Dass Herr Michael S. in seiner Rolle als Außenminister über keine eigene zumindest öffentliche Meinung verfügt, sondern nur jene der anderen widergibt, ist hinlänglich bekannt. Aber es hatte bei uns in der Bedürftigen-Redaktion doch noch für Verwunderung gesorgt, dass Herr S, nicht nur seine „Partner und Freunde“ den verbrecherichen Rücken stärkt, sondern er offenbar Al Kaida „irgendwie“ ganz gut findet, welche nun in Syrien mit der mörderischen und zerstörerischen Drecksarbeit im Interesse seiner Geldgeber beschäftigt ist.
Herr S., war das nicht einmal ganz anders gewesen? Erinnern sie sich noch daran, was Sie von Ihrem großen Partner 2001 erzählt bekommen haben?
Allein die Vorstellung, derartig viel Speichel der Militärmächte zu lecken, hat uns in der Bedürftigen-Redaktion kotzen lassen.

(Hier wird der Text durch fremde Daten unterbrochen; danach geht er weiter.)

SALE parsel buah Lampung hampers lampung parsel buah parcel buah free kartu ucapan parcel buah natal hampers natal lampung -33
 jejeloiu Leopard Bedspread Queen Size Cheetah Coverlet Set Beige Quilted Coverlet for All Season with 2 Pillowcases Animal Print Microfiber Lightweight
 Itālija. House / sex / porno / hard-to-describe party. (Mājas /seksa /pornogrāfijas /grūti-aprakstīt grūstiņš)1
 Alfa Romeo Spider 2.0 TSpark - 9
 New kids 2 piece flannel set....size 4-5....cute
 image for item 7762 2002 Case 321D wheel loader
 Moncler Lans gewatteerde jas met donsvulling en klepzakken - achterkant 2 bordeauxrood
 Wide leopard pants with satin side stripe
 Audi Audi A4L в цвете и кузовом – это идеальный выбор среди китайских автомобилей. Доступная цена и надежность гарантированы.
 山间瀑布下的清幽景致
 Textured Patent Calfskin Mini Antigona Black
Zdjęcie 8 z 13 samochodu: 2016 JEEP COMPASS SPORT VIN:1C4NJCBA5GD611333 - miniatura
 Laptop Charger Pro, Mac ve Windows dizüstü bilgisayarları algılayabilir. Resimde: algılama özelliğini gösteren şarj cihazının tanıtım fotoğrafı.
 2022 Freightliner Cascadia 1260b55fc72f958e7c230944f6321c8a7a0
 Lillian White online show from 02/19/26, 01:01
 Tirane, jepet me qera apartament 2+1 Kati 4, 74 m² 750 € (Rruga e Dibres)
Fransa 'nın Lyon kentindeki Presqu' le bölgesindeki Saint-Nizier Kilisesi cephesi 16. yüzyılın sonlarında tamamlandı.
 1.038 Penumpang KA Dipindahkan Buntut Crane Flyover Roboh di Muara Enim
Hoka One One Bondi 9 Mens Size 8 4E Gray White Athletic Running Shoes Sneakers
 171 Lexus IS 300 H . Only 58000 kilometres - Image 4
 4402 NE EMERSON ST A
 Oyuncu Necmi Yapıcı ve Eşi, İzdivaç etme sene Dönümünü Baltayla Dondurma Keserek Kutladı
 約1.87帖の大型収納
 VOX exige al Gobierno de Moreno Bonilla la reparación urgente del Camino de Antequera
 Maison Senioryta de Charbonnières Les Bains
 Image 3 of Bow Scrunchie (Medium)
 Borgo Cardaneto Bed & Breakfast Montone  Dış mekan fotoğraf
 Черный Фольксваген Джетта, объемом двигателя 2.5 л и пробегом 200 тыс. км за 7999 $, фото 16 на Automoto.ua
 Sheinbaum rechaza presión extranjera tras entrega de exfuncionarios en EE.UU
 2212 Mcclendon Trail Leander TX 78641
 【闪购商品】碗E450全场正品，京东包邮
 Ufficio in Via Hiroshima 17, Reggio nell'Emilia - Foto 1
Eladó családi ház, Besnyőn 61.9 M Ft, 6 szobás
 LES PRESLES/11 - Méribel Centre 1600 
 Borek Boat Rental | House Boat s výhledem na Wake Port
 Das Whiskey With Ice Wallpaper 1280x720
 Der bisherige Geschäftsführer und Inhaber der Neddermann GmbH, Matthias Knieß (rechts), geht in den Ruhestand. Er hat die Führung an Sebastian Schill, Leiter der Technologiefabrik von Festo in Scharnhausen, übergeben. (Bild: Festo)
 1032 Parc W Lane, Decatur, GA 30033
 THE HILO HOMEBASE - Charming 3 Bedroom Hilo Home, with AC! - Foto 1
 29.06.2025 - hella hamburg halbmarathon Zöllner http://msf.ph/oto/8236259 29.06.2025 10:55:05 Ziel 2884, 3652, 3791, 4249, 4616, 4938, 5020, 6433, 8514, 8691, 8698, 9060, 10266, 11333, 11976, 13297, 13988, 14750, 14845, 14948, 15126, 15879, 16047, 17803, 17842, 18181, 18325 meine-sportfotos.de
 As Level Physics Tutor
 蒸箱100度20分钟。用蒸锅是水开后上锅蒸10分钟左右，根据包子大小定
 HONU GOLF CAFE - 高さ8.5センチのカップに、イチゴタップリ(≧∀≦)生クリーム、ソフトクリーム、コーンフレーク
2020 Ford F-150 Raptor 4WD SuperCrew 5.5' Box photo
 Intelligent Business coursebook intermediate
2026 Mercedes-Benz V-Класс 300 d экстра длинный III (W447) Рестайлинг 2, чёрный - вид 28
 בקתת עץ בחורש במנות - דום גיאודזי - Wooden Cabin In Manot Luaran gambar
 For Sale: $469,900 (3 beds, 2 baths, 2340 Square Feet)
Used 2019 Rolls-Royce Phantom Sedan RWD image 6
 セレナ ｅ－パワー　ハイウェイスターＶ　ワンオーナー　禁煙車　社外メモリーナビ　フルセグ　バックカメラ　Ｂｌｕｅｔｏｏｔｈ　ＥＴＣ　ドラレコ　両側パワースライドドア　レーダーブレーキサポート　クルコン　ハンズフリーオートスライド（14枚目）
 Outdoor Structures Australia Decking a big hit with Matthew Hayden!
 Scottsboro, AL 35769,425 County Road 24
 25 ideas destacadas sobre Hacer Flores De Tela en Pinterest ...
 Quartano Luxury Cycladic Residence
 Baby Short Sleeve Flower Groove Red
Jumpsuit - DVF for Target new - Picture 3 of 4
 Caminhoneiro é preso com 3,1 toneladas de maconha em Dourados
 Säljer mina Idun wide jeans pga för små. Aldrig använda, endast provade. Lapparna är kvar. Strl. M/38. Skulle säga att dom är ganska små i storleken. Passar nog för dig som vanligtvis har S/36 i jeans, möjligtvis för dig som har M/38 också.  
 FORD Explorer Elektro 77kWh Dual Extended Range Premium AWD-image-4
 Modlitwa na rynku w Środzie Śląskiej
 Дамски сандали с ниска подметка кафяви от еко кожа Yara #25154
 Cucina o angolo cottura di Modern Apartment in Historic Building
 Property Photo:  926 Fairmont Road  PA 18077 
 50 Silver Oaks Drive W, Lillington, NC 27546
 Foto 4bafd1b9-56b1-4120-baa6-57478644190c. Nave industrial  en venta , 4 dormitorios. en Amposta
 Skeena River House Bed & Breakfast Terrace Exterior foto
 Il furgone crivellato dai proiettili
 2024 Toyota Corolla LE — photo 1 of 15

Aber da wir nun wirklich nicht annehmen wollen, dass Herr S. in seiner Rolle als „christlicher“ Außenminister und Doktor der Rechtswissenschaften verräterisch den Interessen des Auslandes dient und als Helfer und Helfershelfer ein Komplize der Kriegstreiber und Kriegsverbrecher ist, müssen wir ihm bei den unüberbrückbaren Widersprüchen seiner Worte und seines Handelns bzw. Nichthandelns den Status eines besonders bedürftigen, weil sozial armen, inkompetenten, opportunen, feigen und offenbar unter Dauer-Demenz leidenden Menschen zweifellos anerkennen.
Diese Art von Bedürftigkeit mit dem aufgezeigten soziologischen und moralischen Tiefpunkt ist uns nicht genehm, das geben wir offen zu. Es war uns sogar richtig unangenehm, eine derartige Person erneut als einen Bedürftigen der Woche vorstellen zu müssen. Auch wenn er sich bei uns nicht persönlich gemeldet hat, aufgedrängt hat er sich allemal.
Wir möchten uns dafür entschuldigen, vor allem gegenüber all den anderen Bedürftigen, aber es blieb uns keine andere Wahl.